The arrangement of bodies and casually abandoned clothes suggests an improvised and spontaneous image that reflects the louche world of Warhol’s Factory. Closer inspection reveals figures that recur: actor Joe Dallesandro appears naked on the left-hand panel and re-appears fully clothed next to Warhol on the right; film director Paul Morrissey also materialises twice, exposing Avedon’s image to be a meticulously staged tableau. The recurrence of Dallesandro and Morrissey implies a lapse in time, and promises a developing narrative embedded within the triptych.
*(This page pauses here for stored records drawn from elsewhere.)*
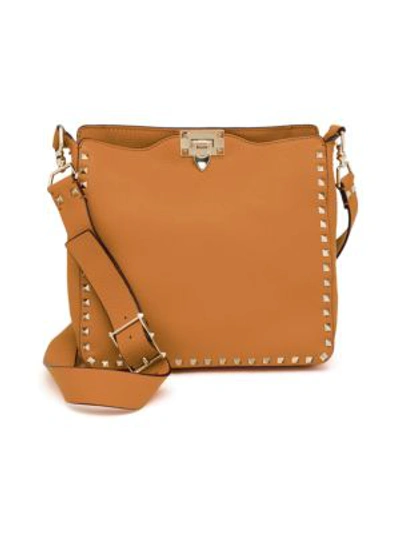 Shop Valentino Women's Small Rockstud Leather Hobo Bag In Cognac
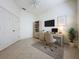 Well-lit home office space with neutral colors, tiled floors, and a dedicated workspace at 101 Flame Vine Way, Groveland, FL 34736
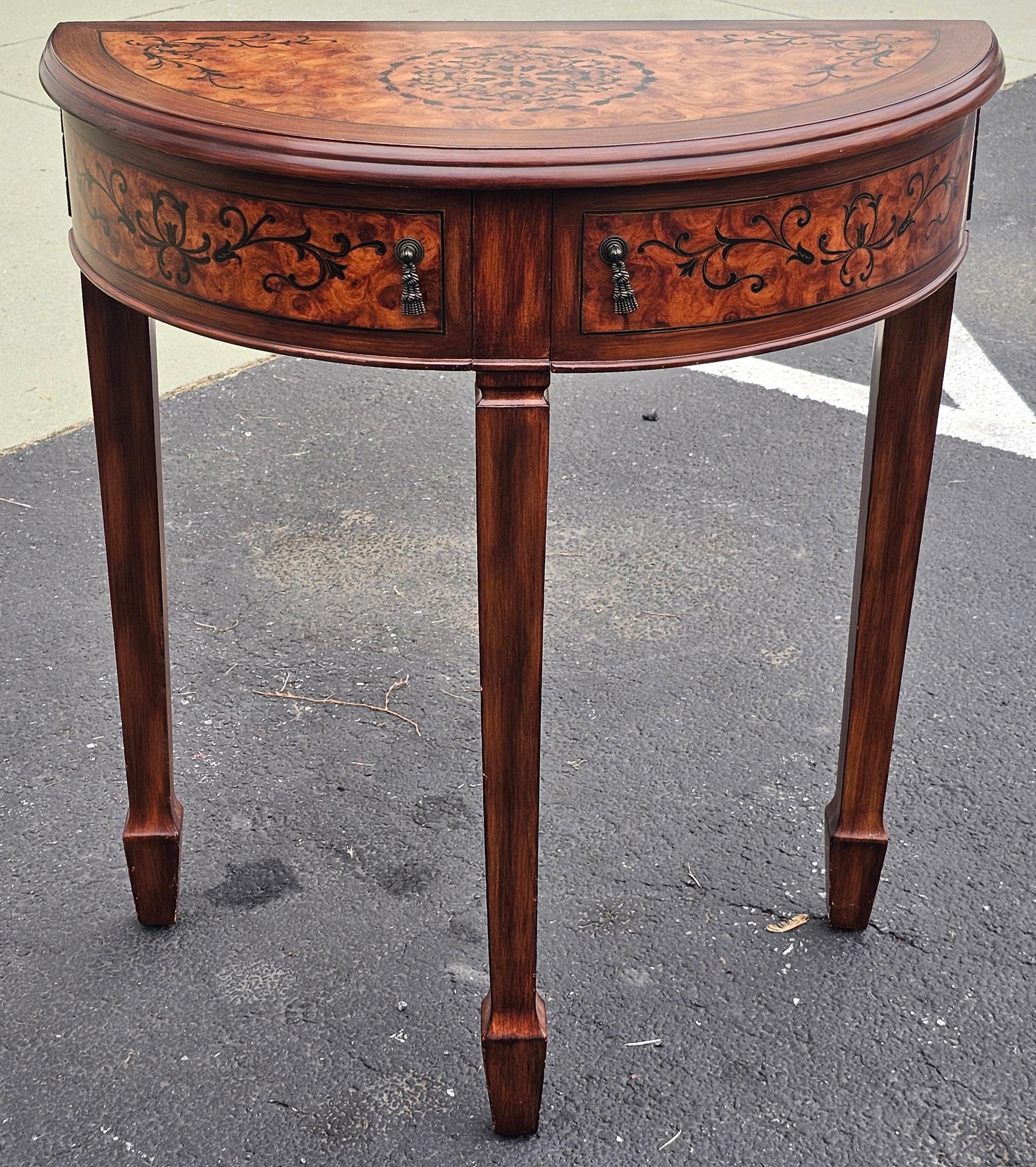 A George III Inlaid Burlwood Style Demilune two-drawer Console Table
Measures 28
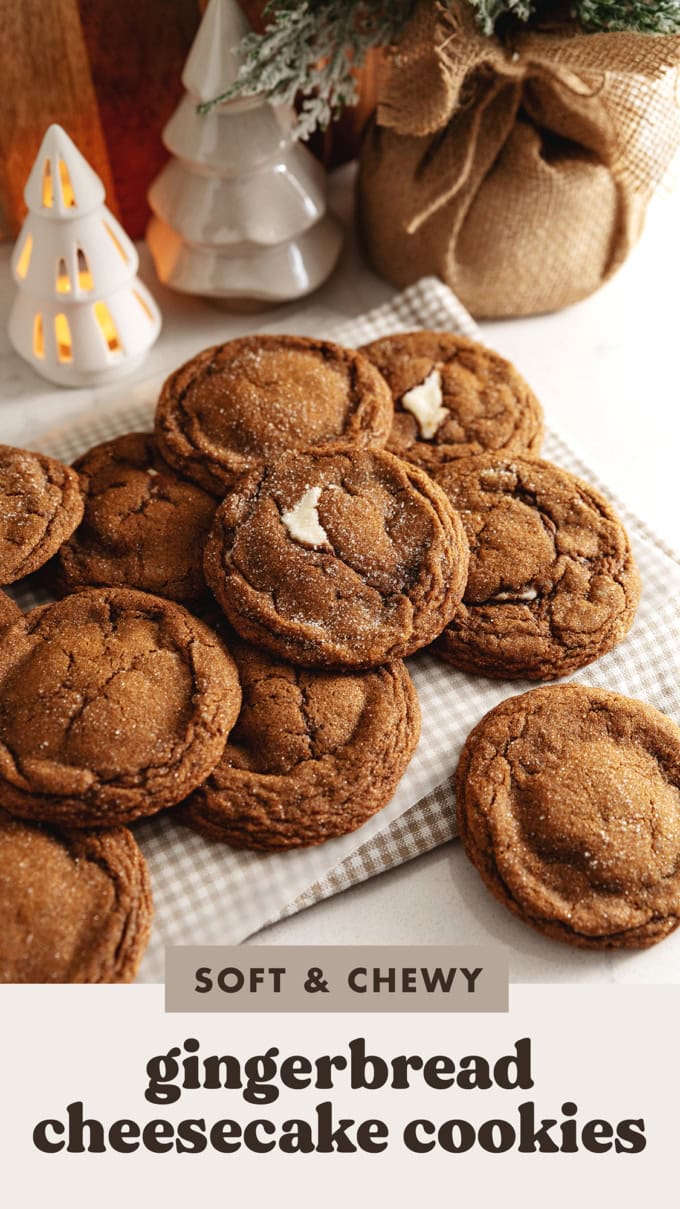 Gingerbread cheesecake cookies piled on a kitchen counter.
This cinematic quality is underscored by Avedon’s printing technique: by using the full, uncropped negative, each image is surrounded by the black border of the negative carrier in the final print, calling to mind successive frames in a film strip. Ultimately, the viewer is excluded from any final denouement: Avedon rejected a fourth concluding frame in which Warhol appears to video-tape Dallesandro lying in a post-coital state.

Further reading
Richard Avedon and Doon Arbus, The Sixties, London 1999.
Andy Warhol: Photography, exhibition catalogue, Hamburger Kunstalle 1999.
Maria Morris Hambourg and Mia Fineman, ‘Avedon’s Endgame’ in Richard Avedon Portraits, exhibition catalogue, Metropolitan Museum of Art, New York 2003.